作曲・改訂年/2012-13/18-19
編成/16人の奏者 (1.1.1.1-1.1.1.0-1perc-1pf-1hp-1acc-2.1.1.1) (当初は15人の奏者のために作曲)
演奏時間/約14分
impuls- 8th International Ensemble and Composers Academy for Contemporary Music 2013、Reading Session(グラーツ/オーストリア)のために作曲。
影も溜らず ー 淡座リサイタルシリーズVol.1 桑原ゆう個展(世界初演)のために改訂。

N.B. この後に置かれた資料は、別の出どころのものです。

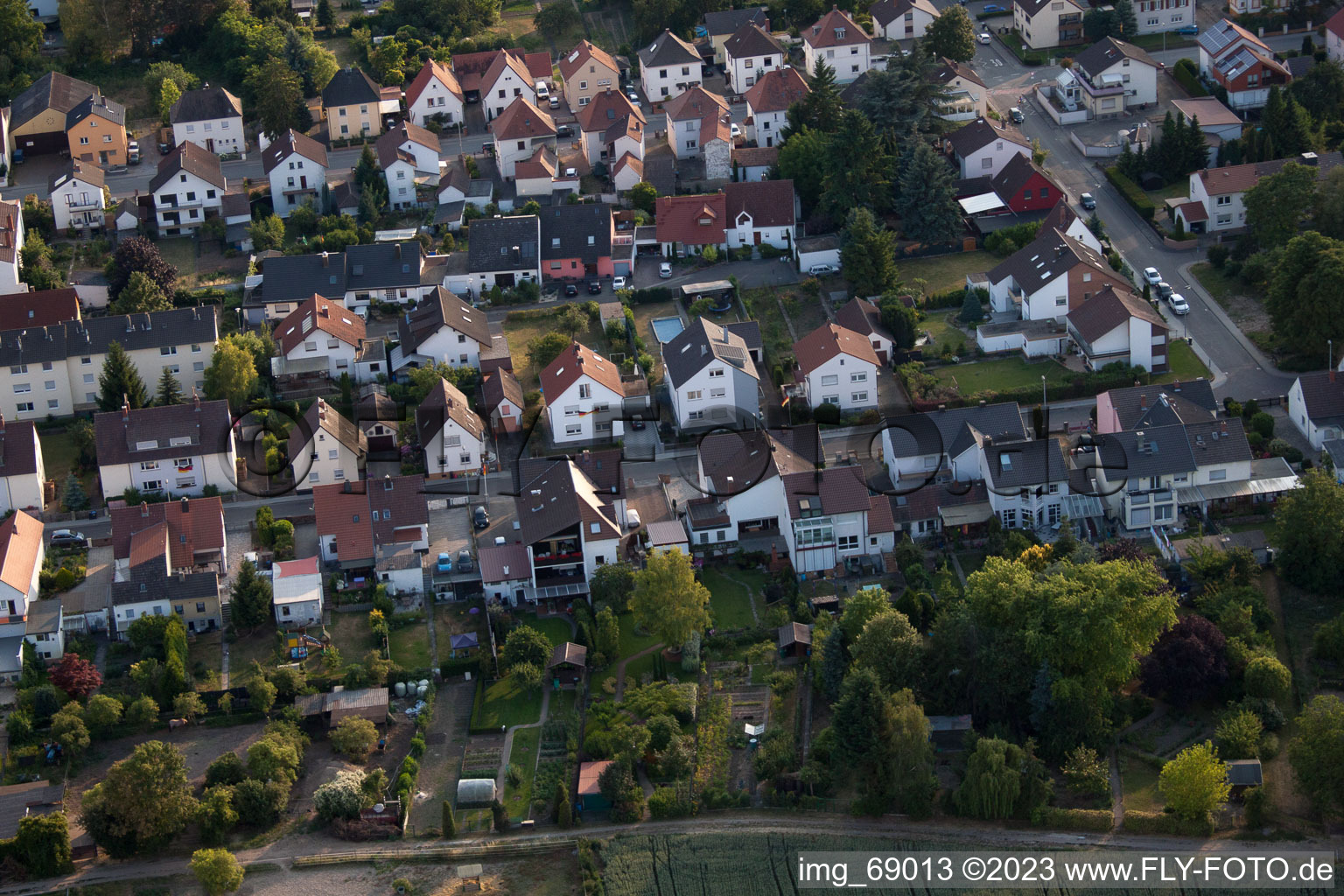 Drone recording of District Dannstadt in Dannstadt-Schauernheim in the state Rhineland-Palatinate, Germany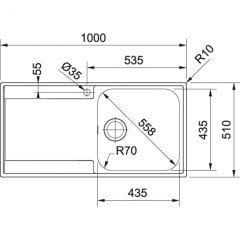 FRANKE MARİS MRX 211 PASLANMAZ ÇELİK TEZGAHA SIFIR EVYE
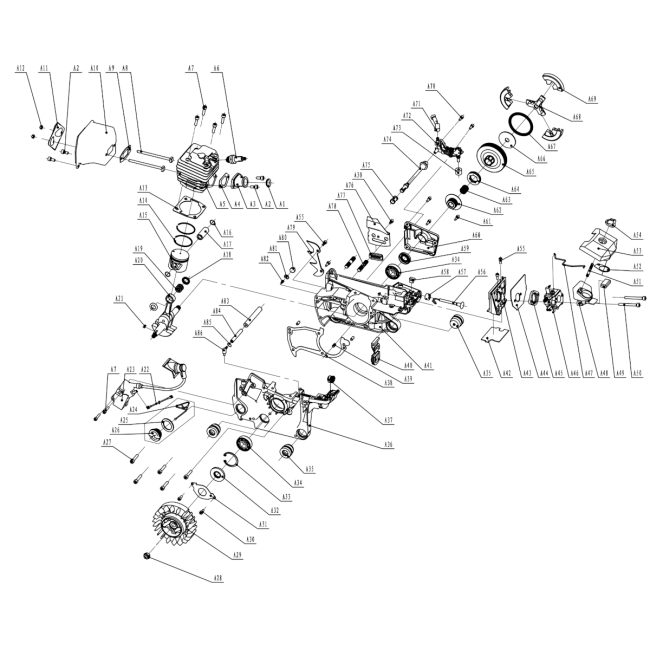 Pilarka spalinowa - NAC NAC-CST61-50AC 82843754 - (rysunek techniczny)
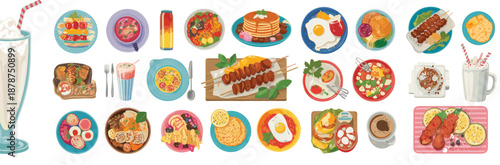 Colorful food illustration collection featuring desserts breakfasts beverages and international cuisine icons for restaurant menu poster advertising design background vector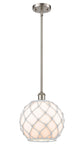 516-1S-SN-G121-10RW Stem Hung 10" Brushed Satin Nickel Mini Pendant - White Large Farmhouse Glass with White Rope Glass - LED Bulb - Dimmensions: 10 x 10 x 13<br>Minimum Height : 20.75<br>Maximum Height : 44.75 - Sloped Ceiling Compatible: Yes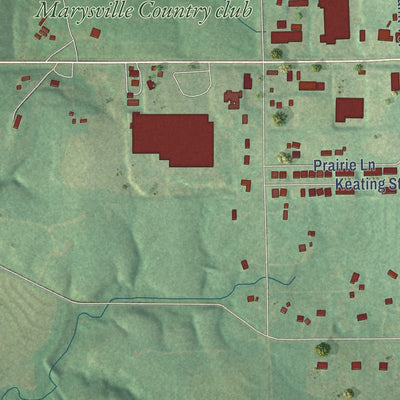 Second close-up of the map of Marysville, Kansas print showing more streets and buildings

English title: smelling, efflorescing
Year of composition and revision: 2012-13/18-19
Instrumentation: 16 musicians (1.1.1.1-1.1.1.0-1perc-1pf-1hp-1acc-2.1.1.1) (first version was for 15 musicians)
Duration: approximately 14 minutes
Written and selected for the Reading Session at impuls- 8th International Ensemble and Composers Academy for Contemporary Music, 2013
Revised for Shadowless - Yu Kuwabara Portrait [Awai-Za Recital Series Vol.1]



作曲ノート

 中学生のころから源氏物語を読むのが好きだった。初めて書いた歌曲、東京藝術大学学部二年次の提出作品のテキストには、源氏物語の和歌から三首を選んで用いた。その頃から、宇治十帖で、薫の君と匂宮が対照的な存在として描かれているのを不思議に思っていた。「薫る」と「匂う」は、現代ではどちらも同じような意味で使われているが、実は両者の違いは大きいように感じ、紫式部はその違いを、薫の君と匂宮を通して端的に表現しているのではと感じていた。
 「薫る」と「匂う」について調べてみると、「匂う」とは香気臭気に限った言い方でなく、光に関係する言葉であり、美しく咲いている、美しく映えるという意味もあることがわかる。誰でも知る箏歌「さくら さくら 弥生の空は 見わたすかぎり 霞か雲か 匂いぞ出ずる いざや いざや 見に行かん」の歌詞においては、桜の匂いが、目に見える霞や雲のイメージと重なり合う。本居宣長の「しき嶋の やまと心を 人問はば 朝日ににほふ 山ざくら花」では、桜の見た目の鮮やかさと匂いとが、一緒くたになって朝日に照らされ、光り輝いているように感じる。
 つまり「匂う」とは、人の嗅覚と視覚の両方に作用する言葉である。あらためてそれを考えた時、多少突飛な考えではあるが、そこにもう一つの感覚、聴覚を加えることはできないかと思った。つまり「匂う」ような音楽は書けないかと考えたことが、この作品のベースになっている。作曲当初から改訂までに時間がかかっているため、音の扱いよりも構成に興味が移ってきた近作に比べ、よりリニアにつながっていくような音楽である。
 《にほふ》は、二〇一三年に、グラーツでの現代音楽フェスティバル「impuls」のプログラムにて、エンノ・ポッペ指揮、クラングフォルム・ウィーンにより試演されたが、その後、初演の日の目を見ることはなかった。その時の想いを成仏させるようなつもりで大幅な改訂を施し、二〇一九年七月に開催した「影も溜らず — 淡座リサイタルシリーズVol.1 桑原ゆう個展」で、世界初演を果たした。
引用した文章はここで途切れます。